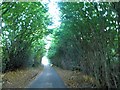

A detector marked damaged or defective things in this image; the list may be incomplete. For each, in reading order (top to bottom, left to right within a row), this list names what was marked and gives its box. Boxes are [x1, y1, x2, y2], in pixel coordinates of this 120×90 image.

crack in road surface [27, 65, 66, 88]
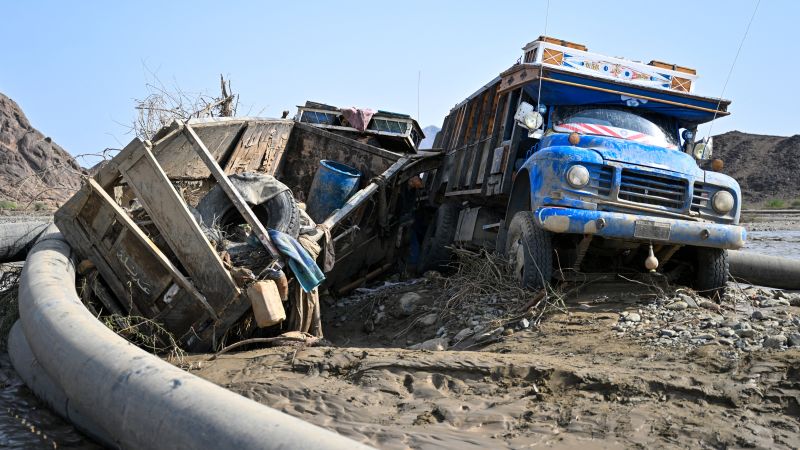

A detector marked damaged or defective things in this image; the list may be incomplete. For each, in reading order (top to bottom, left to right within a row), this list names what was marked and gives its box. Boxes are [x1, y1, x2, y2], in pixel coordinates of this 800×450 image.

overturned vehicle [57, 103, 438, 352]
rusty metal panel [225, 119, 294, 176]
wrecked truck cab [422, 37, 748, 298]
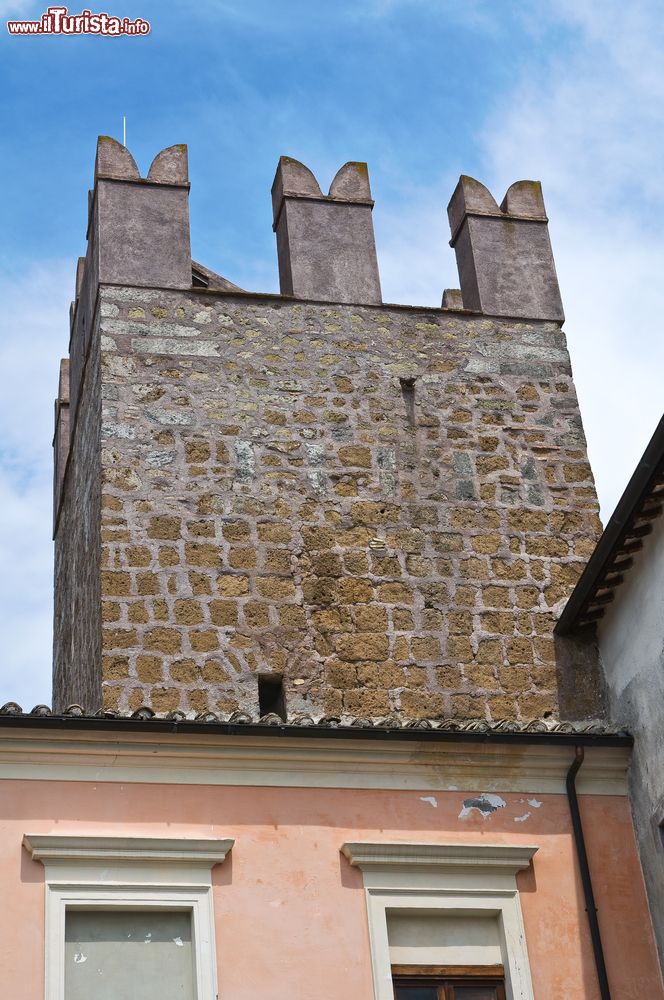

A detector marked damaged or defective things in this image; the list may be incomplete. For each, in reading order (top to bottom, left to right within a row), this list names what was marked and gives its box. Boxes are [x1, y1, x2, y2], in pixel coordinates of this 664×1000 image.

peeling paint patch [460, 796, 506, 820]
****************************************
▶ Task instructions
The reply should hold every line of the material above, unchanged, and no pictures.

▶ Finished task
A detector marked damaged or defective things in this image; the list may be incomplete. For each, in reading order (top to bottom, left to right within a row), this list names what was marked and gives its box. Boxes are [x1, y1, x2, y2], in pixel coordinates of this 120×90 image.

crack in road surface [27, 65, 66, 88]

A detector marked damaged or defective things in this image; the list may be incomplete. For each, in reading order (top to bottom, left to right within a row), this list names what was marked and gives its box. Boxes are [x1, y1, x2, y2], in pixel coordinates of this 800×450 image.

overturned vehicle [57, 103, 438, 352]
rusty metal panel [225, 119, 294, 176]
wrecked truck cab [422, 37, 748, 298]

A detector marked damaged or defective things in this image; the list may be incomplete. For each, in reading order (top to bottom, left to right within a row), this list names what was marked and gives its box. Boxes are [x1, y1, x2, y2], in pixel coordinates of this 664×1000 image.

peeling paint patch [460, 796, 506, 820]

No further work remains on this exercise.